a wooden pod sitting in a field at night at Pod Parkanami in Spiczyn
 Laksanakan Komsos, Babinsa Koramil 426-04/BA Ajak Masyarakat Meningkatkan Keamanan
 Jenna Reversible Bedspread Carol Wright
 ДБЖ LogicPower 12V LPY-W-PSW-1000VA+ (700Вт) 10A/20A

-- TASK STATEMENT --
Reproduce the material exactly, from the first line to the last.

-- TASK RESPONSE --
a wooden pod sitting in a field at night at Pod Parkanami in Spiczyn
 Laksanakan Komsos, Babinsa Koramil 426-04/BA Ajak Masyarakat Meningkatkan Keamanan
 Jenna Reversible Bedspread Carol Wright
 ДБЖ LogicPower 12V LPY-W-PSW-1000VA+ (700Вт) 10A/20A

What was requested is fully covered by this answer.